Podkreślił, że szczególne warunki do inwestycji w biogazownie rolnicze istnieją na Pomorzu Zachodnim i gdzie „są ogromne gospodarstwa rolne, które mają dostęp do substratu, który może być wykorzystywany na cele energetyczne”. Stąd także poniedziałkowa wizyta wiceministra w Zachodniopomorskiem i planowane rozmowy z rolnikami.
Jest potencjał
Obecnie, jak poinformował Kowalski, w Polsce funkcjonuje zaledwie ok. 140 biogazowni, a dla porównania w Niemczech jest ich ok. 9000. Przytoczył też szacunki, według których w Polsce może być produkowanych 14 mld m3 biogazu, po oczyszczeniu biometanu ok. 7-8 mld m3. Dodał, że inwestycje w tę produkcję rozpoczął PKN Orlen, ale „nam zależy na ogromnej dywersyfikacji”.
Stabilne OZE
„Tam, gdzie rolnicy mogą stworzyć dodatkowe źródło dochodów, zbudować biogazownie, które polskie państwo dofinansowuje w wysokości 65 proc., warto poprawić przepisy” – ocenił Kowalski. Zaznaczył przy tym, że specustawa ma być też odpowiedzią na to, co się wydarzyło na rynkach energetycznych po wybuchu wojny na Ukrainie. „Biogazownia to jest to OZE bardzo stabilne” – podkreślił.
Ponadto, w jego ocenie, biogazownie rolnicze mogą być „znakomitą propozycją dla szukania partnerstwa między samorządami terytorialnymi a rolnikami indywidualnym”.
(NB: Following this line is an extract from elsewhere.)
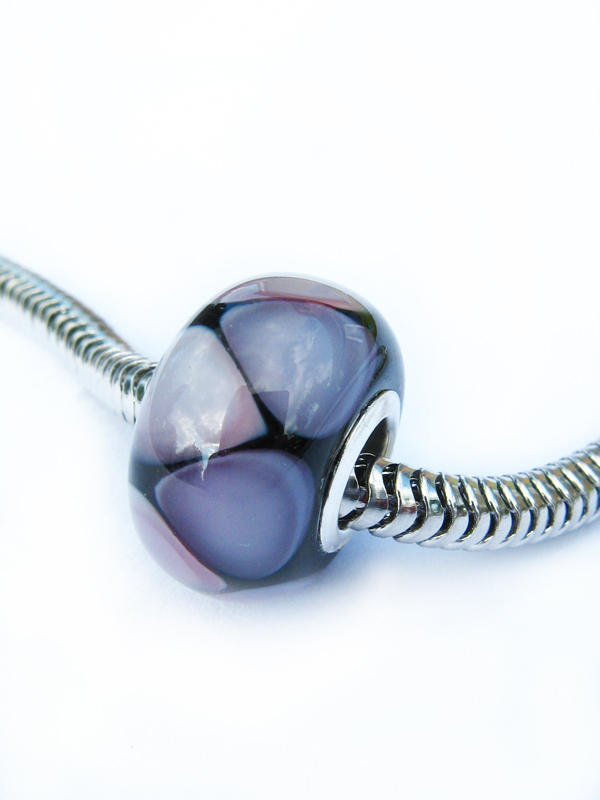 Glaskraal met zilveren kern in paars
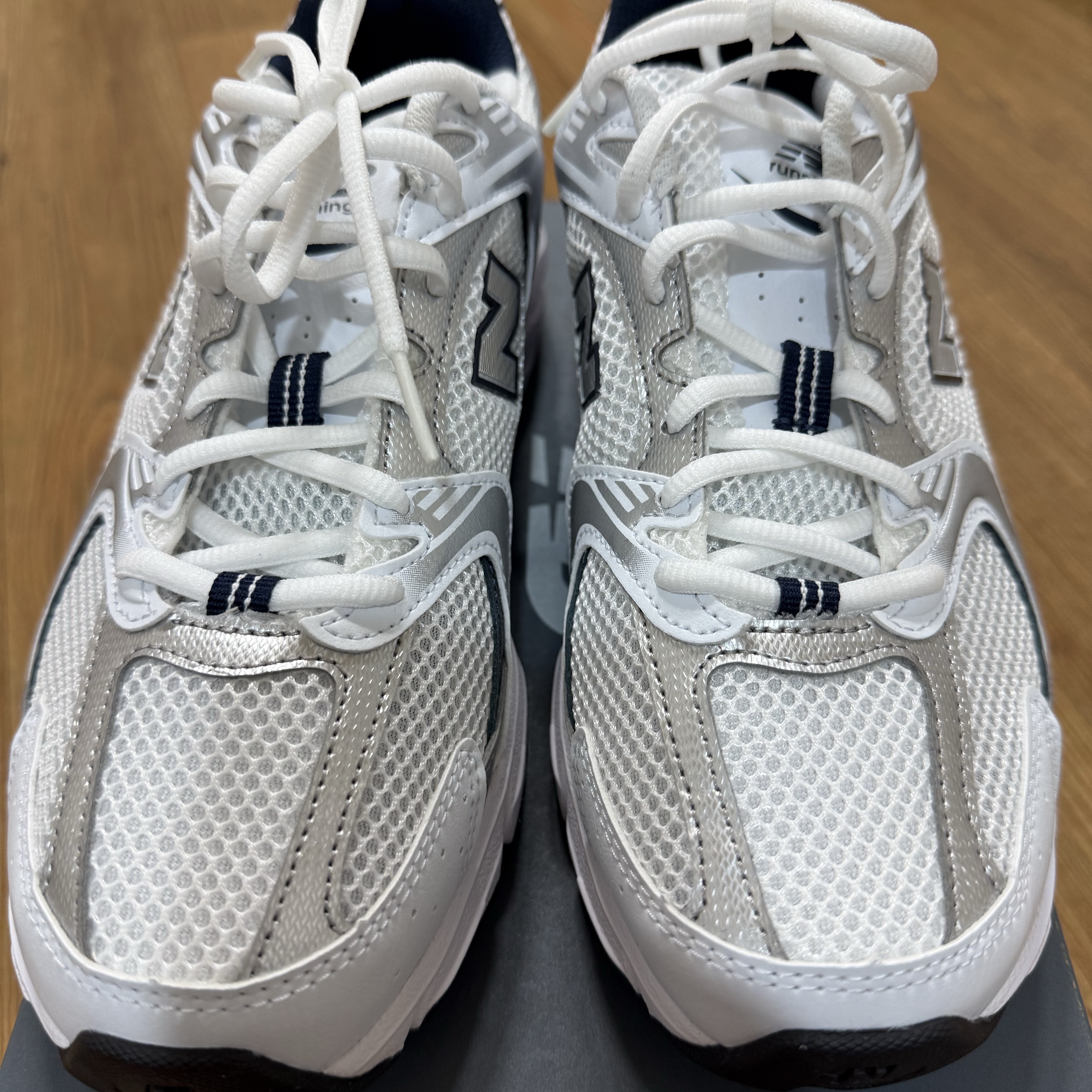 New Balance 530 White 착용 스타일 - 2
Zaznaczył, że Ministerstwu Rolnictwa i Rozwoju Wsi zależy na tym, aby przekaz dotyczący biogazowni rolniczych był jasny dla wójtów, w tym tych ziemi koszalińskiej, którzy, jak zaznaczył Kowalski, zastanawiają się, w co inwestować w najbliższych miesiącach, latach w jaką technologię, żeby produkować tanie ciepło i tanią energię elektryczną.
„Na etapie prac legislacyjnych zachęcamy się do włączania, do zgłaszania swoich propozycji. Mamy stworzyć nowoczesne prawo, które spowoduje to, że w ciągu najbliższych kilkunastu miesięcy zostanie podjętych co najmniej kilkaset decyzji inwestycyjnych o lokalizacji biogazowni” – powiedział Kowalski.
Transformacja energetyczna powinna być korzystna dla wszystkich
Podkreślił, że ważne jest to, by „transformacja energetyczna w Polsce nie była wyłącznie korzystna dla deweloperów farm fotowoltaicznych i wiatrakowych, ale aby była korzystna dla milionów Polaków”.
„Biogazownie rolnicze są tymi przedsięwzięciami, które dają korzyści całej społeczności lokalnej. Proponują dużo tańsze ciepło na obszarach wiejskich, a przede wszystkim dodatkowe dochody dla rolników, którzy dostarczają substrat” – przekazał Kowalski.